L’année de la famille va nous permettre, avec l’aide de saint Joseph, de faire concrètement le point sur la réalité de la vie familiale aujourd’hui dans notre diocèse, sur ses beautés et ses blessures, ses richesses et ses difficultés. « Aujourd’hui, disait le Pape dans Amoris lætitia, un nouveau regard sur la famille est nécessaire de la part de l’Église : il ne suffit pas de réaffirmer la valeur et l’importance de la doctrine, si nous ne devenons pas des gardiens de la beauté de la famille et si nous ne prenons pas soin de ses fragilités et de ses blessures avec compassion ». Nous le savons tous d’expérience : la faiblesse et la vulnérabilité marquent toute vie humaine.
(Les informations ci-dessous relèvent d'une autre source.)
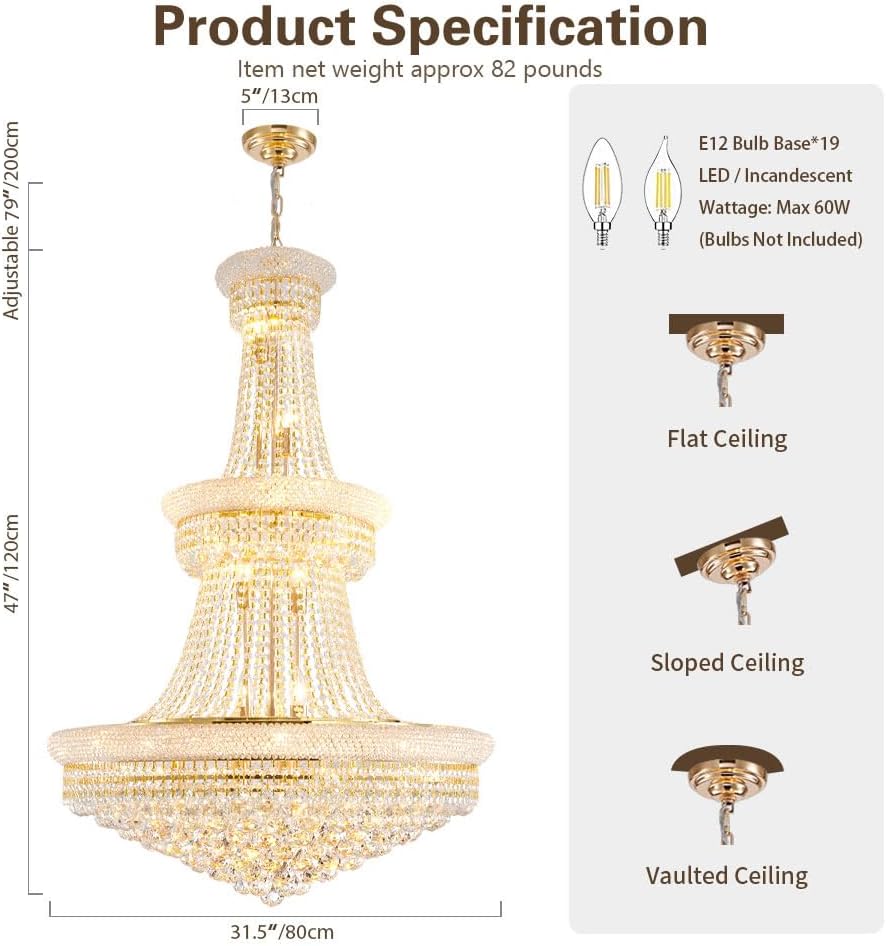 Large Gold Crystal Chandelier Light - Diameter 31.5", 3 Layers Ceiling Haning Chandeliers, Pendant Lighting for Living Room, Dining Room, Foyer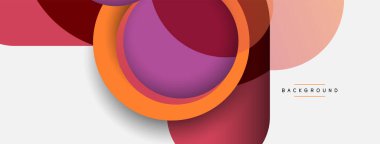 Çember ve yuvarlak şekiller soyut arkaplan. Duvar kağıdı afişi veya iniş sayfası için vektör illüstrasyonu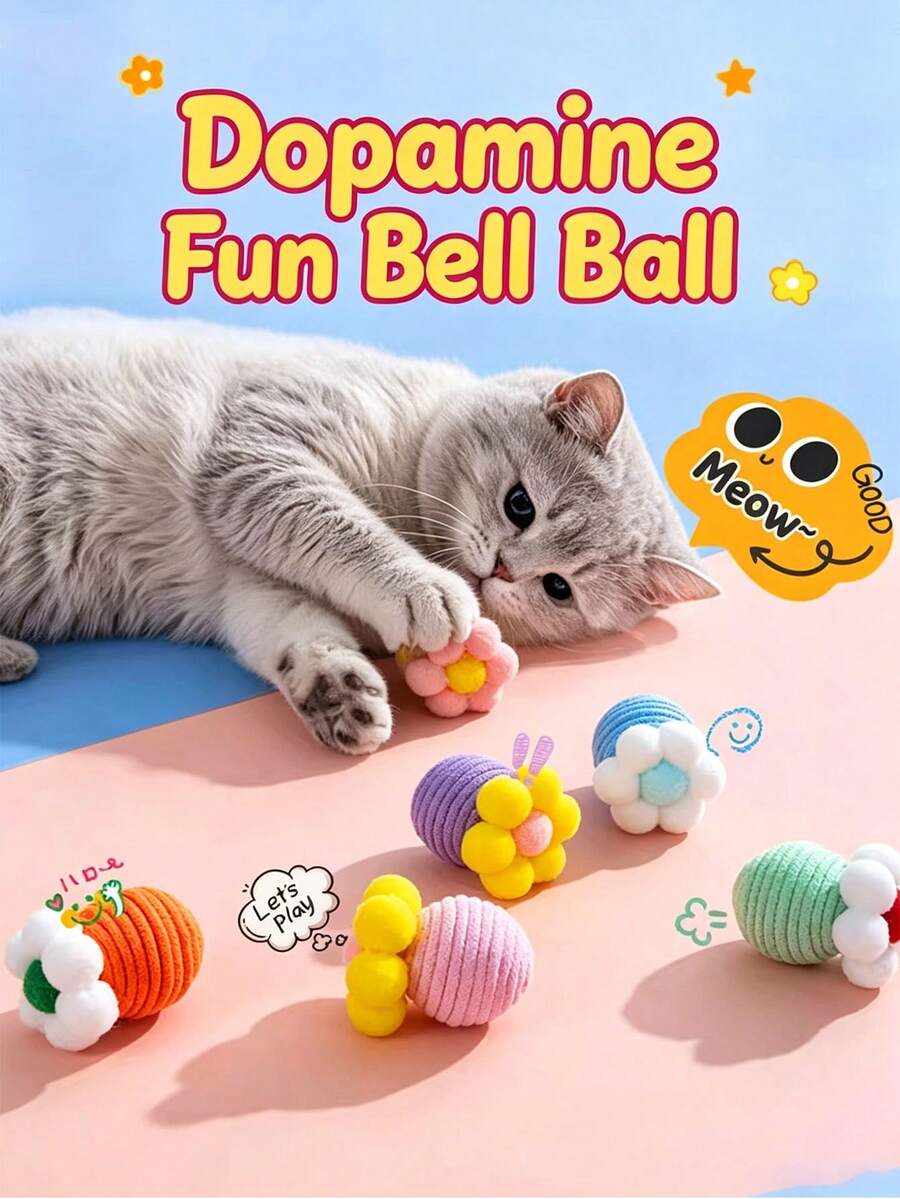 1pc Cat Toy Ball, Self-Entertainment Boredom Relief Cat Teaser Stick, Cotton Rope Teeth Cleaning Toy, Suitable For Kitten Physical Exercise Cat Supplies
On s’humanise en les acceptant, sans les dissimiler à ses propres yeux, et sans tromper les autres par l’image que l’on veut donner de soi. On le sait très bien, dans la vie des couples, ne pas tromper les autres par l’image que l’on veut donner de soi. Souvent, d’ailleurs, le plus important de nos vies se décide au cœur de nos pauvretés acceptées.

C’est à ce travail de conversion que nous sommes tous conviés. En nous proposant cette Année de la famille, le Pape ne nous demande pas de défendre une institution, surtout si elle est faussement idéalisée, mais plutôt de l’incarner humblement et joyeusement au quotidien. Pour que nos familles vivent et déploient leur vocation profonde d’annonce de l’Évangile par la sainteté du quotidien, on peut certes faire des retraites, des récollections et des pèlerinages : je ne saurais trop vous y encourager. Mais il ne faut surtout pas négliger le service des pauvres, car c’est souvent par là que l’on a le plus de chance de comprendre sa propre vocation. Hier, on m’a parlé d’un jeune sénégalais de vingt ans dont le père est décédé l’année dernière et dont la mère est tombée gravement malade il y a quelques mois. Alors, pour qu’elle puisse être soignée, il a décidé de partir vers l’Europe afin de gagner un peu d’argent et de venir ainsi en aide à sa famille. Mais sa route est passée par la Libye, et là il s’est retrouvé réduit en esclavage pendant trois mois. Réussissant à s’échapper, il est arrivé il y a peu à Marseille et a été recueilli par une communauté religieuse. Je me suis alors souvenu de cette chanson que vous connaissez peut-être, de Jean-Jacques Goldmann et que j’aimais à fredonner : « Tu es de ma famille, bien plus que celle du sang, dans cette armée de simples gens ! », tu es de ma famille… Famille diocésaine de Marseille, comme Abraham au chêne de Mambré, n’aie pas peur de pratiquer l’hospitalité : c’est souvent par là que Dieu s’invite dans ta famille et t’aide à vivre ta vocation ! Souviens-toi d’ailleurs que c’est à Abraham que Dieu un jour a promis : « en toi seront bénies toutes les familles de la terre » !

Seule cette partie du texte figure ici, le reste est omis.